Biased AI models may incorrectly identify certain groups of customers, flagging them as high-risk, unduly resulting in higher prices or reduced services for specific groups. This can result in lost revenue, decreased customer satisfaction, and damage to the company’s reputation.

Another major concern is that bias in AI models could impact customer experiences. Once AI models begin categorizing customers based on inaccurate or biased decision-making, you can bet those customers will soon start seeing recommendations for products and services they have never shown an interest in. Given the AI is essentially representing the business, this can be a death sentence for an enterprise.

The Essential Guide to Conversation Automation

Discover how to implement enterprise-ready GPT-powered Conversation Automation for your business—without the missteps.

Read the eBook

So What’s the Answer?

Step one has to be using multiple AI language models rather than relying on a single model.

By combining multiple models with diverse training data and architectures, the overall system can become less susceptible to specific biases, leading to more balanced and accurate responses.

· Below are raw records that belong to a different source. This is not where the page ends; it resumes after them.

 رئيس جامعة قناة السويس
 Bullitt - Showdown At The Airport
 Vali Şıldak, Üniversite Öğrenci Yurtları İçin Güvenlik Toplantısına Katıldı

Unfortunately, reducing bias and improving accuracy is not just a case of throwing a bunch of language models into the mix. These models need to be carefully selected and combined in a way that effectively balances their strengths and weaknesses.

At Conversica, we balance multiple language models focused on specific Sales, Marketing, and Customer Success use cases. By narrowing the playing field, we are able to generate highly accurate and relevant responses—without allowing the conversation to slide off the rails.

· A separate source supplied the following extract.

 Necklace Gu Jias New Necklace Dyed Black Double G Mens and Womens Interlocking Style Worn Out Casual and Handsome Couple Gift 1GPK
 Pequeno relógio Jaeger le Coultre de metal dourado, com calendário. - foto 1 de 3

Step two is using the right dataset to train the AI.

The data these models are trained on must be carefully curated to minimize potential biases. This means getting as close to a “golden dataset” as possible. This is a topic for another blog post, but in short, it means having the cleanest, validated dataset possible.

As an example, you could use an optimal combination of language models, but if your dataset were scraped from Quora and Reddit, your AI’s responses would be skewed, at best. Ask Conversica’s AI team how important source data is, and you will quickly understand the scale and complexity of the task.

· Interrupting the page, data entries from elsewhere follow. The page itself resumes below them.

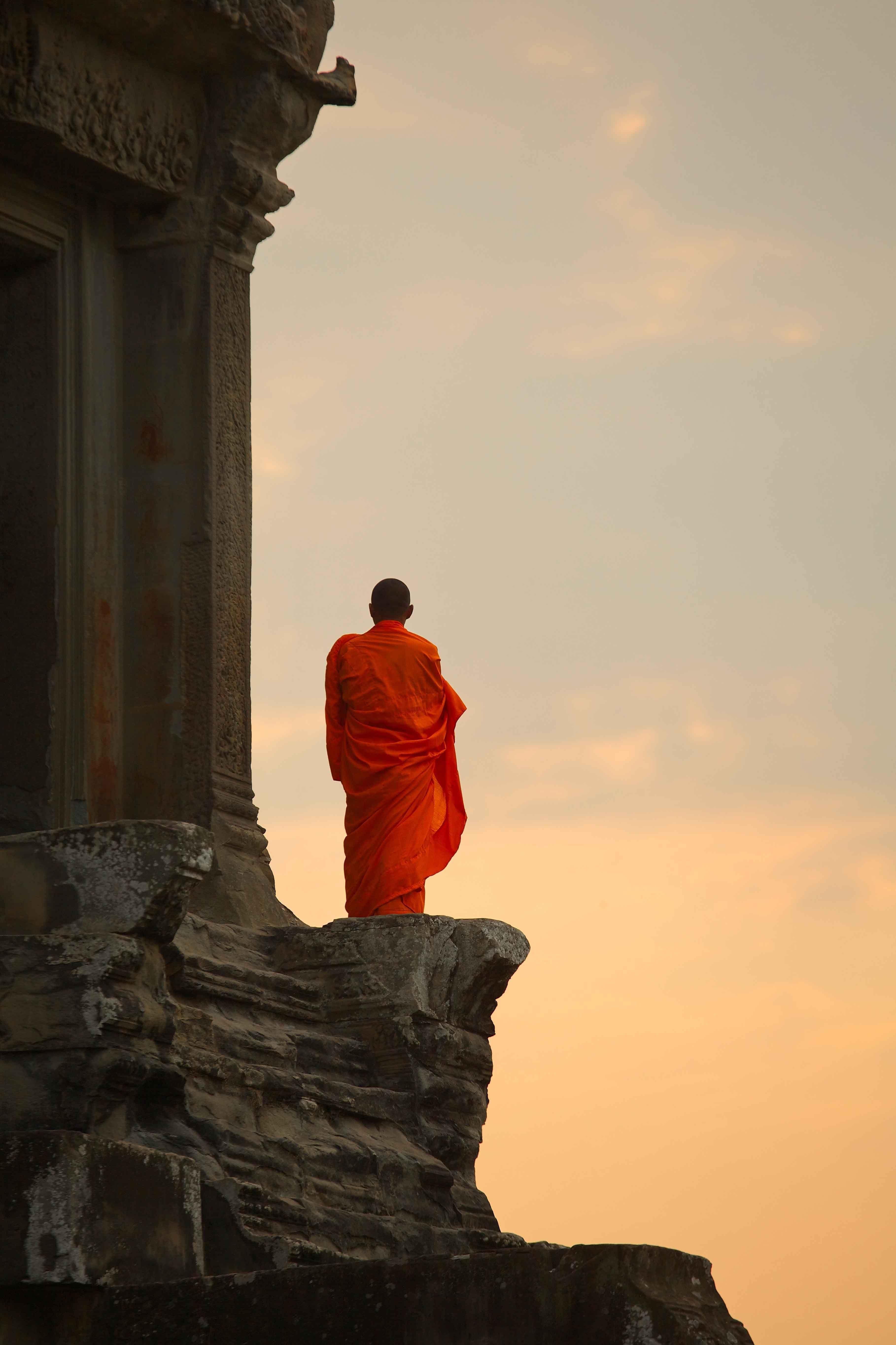 3636x5458 Cambodian monk at Angkor Watt by Roland Novitsky. Monk, Buddha art, Buddhist monk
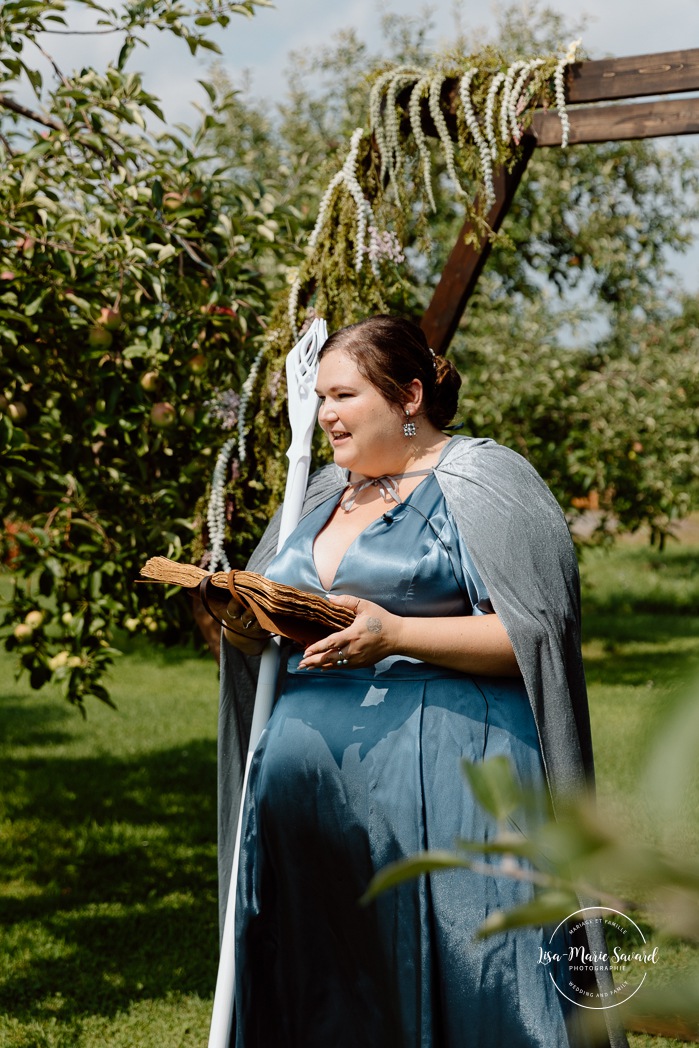 Same sex wedding photos. Lesbian wedding photos. Two brides wedding photos. Orchard wedding photos. Mariage au Verger Jude-Pomme. Photographe mariage LGBTQ+ à Montréal. Montreal LGBTQ+ wedding photographer. 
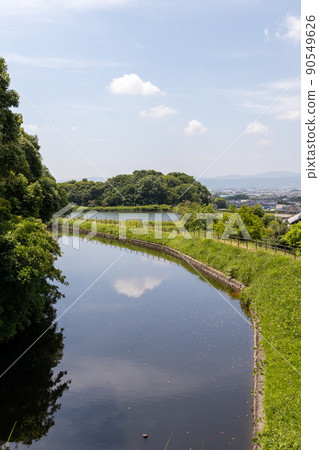 View of the Emperor Chongjin Mausoleum from the road to Yamano in Nara Prefecture View of the Emperor Chongjin Mausoleum from the road to Yamano in Nara Prefecture 90549626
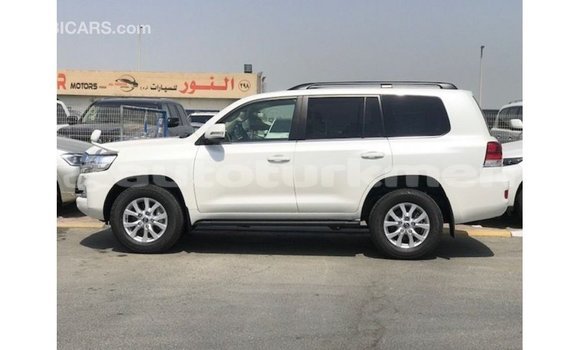 Buy Import Toyota Land Cruiser White Car in Import - Dubai in Ahal Buy Import Toyota Land Cruiser White Car in Import - Dubai in Ahal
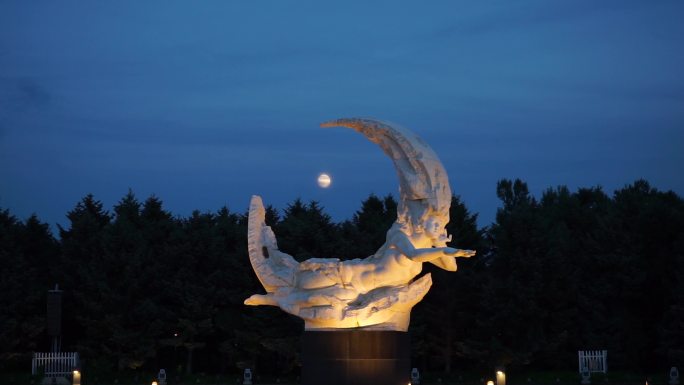 净月潭雕塑月亮女神与傍晚天空月亮为伴
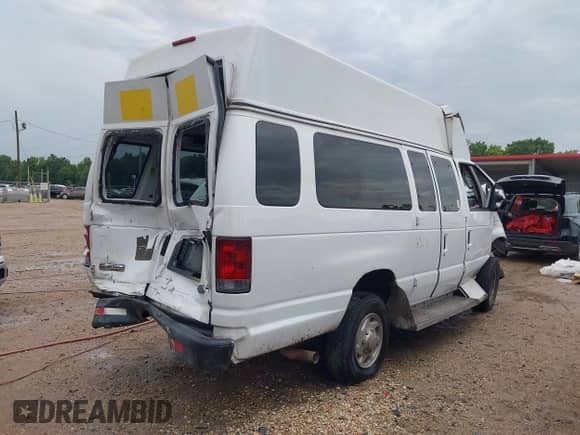 2008 Ford Econoline Cargo Commercial with VIN 1FTSS34L18DA54100, listed as a IAAI auction lot 42314494 with Not provided miles and . Bid and sale history available at DreamBid. Image 4.
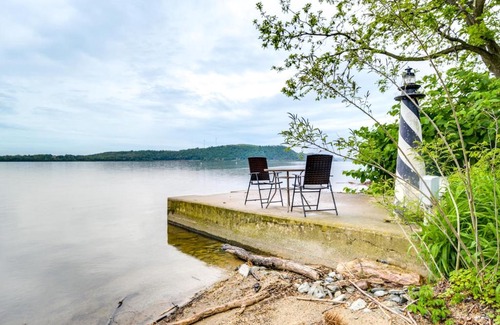 Wrightsville House | Idyllic Susquehanna River Escape Pets Welcome!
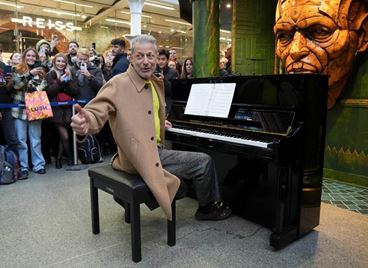 Джеф Голдблум изненада пътниците на гарата в Лондон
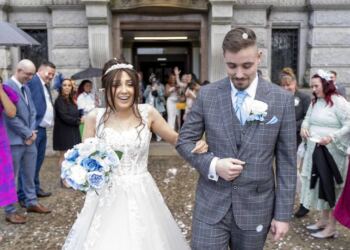 Της απομένουν λίγοι μήνες ζωής και της οργάνωσαν τον τέλειο γάμο με τον παιδικό της έρωτα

As we said at the top of the post, we are just scratching the surface here. We will cover steps three, four, and beyond in future posts.

In short, AI models can have serious consequences for businesses, customers, and society as a whole. It’s crucial to take the steps needed to ensure that AI models are free from bias.

This includes regularly monitoring and testing models for bias, implementing robust data privacy and security protocols, and maintaining clear policies as to how the models work and how decisions are made. Think of it as good “AI parenting.”